De poldermoslima wordt steeds meer een stijlicoon, vindt ook José Teunissen, lector Modevormgeving bij Artez, (Hogeschool voor de kunsten) in Arnhem. „Ze zijn natuurlijk een voorbeeld. Ze zijn jong, mooi en vaak succesvol.” Volgens Teunissen ligt het voor de hand dat ook autochtone koopsters hun kledingstijl oppikken. „Als je kleding maar lang genoeg om je heen ziet en het wordt ook nog eens gedragen door vrouwen die er verzorgd en gesoigneerd uitzien, dan gaan ook andere vrouwen het steeds leuker vinden.” Alles kan mode worden, ziet Teunissen. „Mode zegt alleen maar dat je modieus bent, niet dat je van een bepaalde afkomst bent.”

Ook modeconservator Ninke Bloemberg van het Centraal Museum in Utrecht ziet een verandering in kleedstijl van de Nederlandse vrouw. Het Centraal Museum heeft een van de de grootste historische en moderne modecollecties van Nederland. „Beïnvloeding van cultuur is natuurlijk van alle tijden”, legt Bloemberg uit. „In de tweede helft van de 17de eeuw gingen Nederlandse vrouwen zich bijvoorbeeld steeds kuiser kleden, in navolging van de vrouwen van het Spaanse hof, die van kin tot teen bedekt waren met kleding.” Eenmaal verlost van de Spanjaarden diende in de 18de eeuw het Franse hof als stijlicoon – met onder andere het opvallend diepe decolleté als kenmerk – en in de 19de eeuw moest de Nederlandse vrouw vooral landelijk gekleed zijn, met dank aan de Engelsen. ’De nieuwe powervrouwen’ noemt Bloemberg de opkomende generatie moslima’s. Hun beïnvloeding herken je aan de opkomst van de tuniek, zegt ze. Een praktisch kledingstuk, dus dat past prima in onze Nederlandse cultuur. „Maar Nederlandse vrouwen pikken ook andere elementen steeds makkelijker op”, aldus Bloemberg.

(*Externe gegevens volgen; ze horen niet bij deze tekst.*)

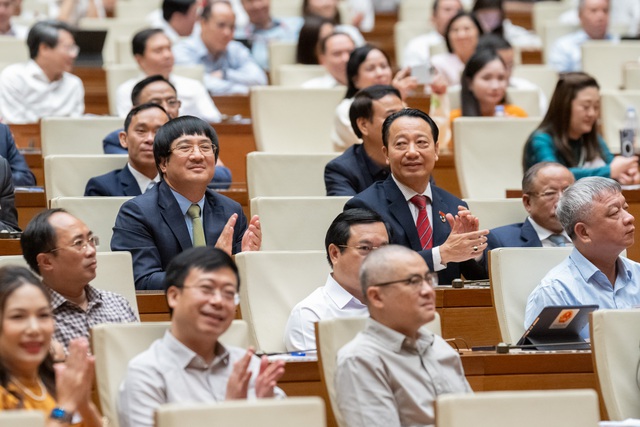 Chủ tịch Quốc hội: Dứt khoát không để tình trạng "nói nhiều làm ít", "nói mà không làm"- Ảnh 2. Chủ tịch Quốc hội: Dứt khoát không để tình trạng "nói nhiều làm ít", "nói mà không làm"- Ảnh 2.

Anet van Haaster en José Teunissen opperen zelfs de hoofddoek als mogelijkheid. Het onderscheid in kleedstijl tussen allochtone en autochtone Nederlandse vrouwen is nu nog gebaseerd op aspecten in relatie met religie, verklaart Van Haaster. „Zo is de hoofddoek nu nog een duidelijk verschil. Maar ook dat is een kwestie van tijd.” Teunissen: „Ik zou het niet eens zo gek vinden als iedereen over tien jaar met een hoofddoek loopt. Nu staat het bij ons nog te veel voor religie, maar toen de hoofddoek in de jaren vijftig gedragen werd door toenmalig stijlicoon Grace Kelly, kon het wel en was de hoofddoek modieus. Dat zou zomaar opnieuw kunnen gebeuren.”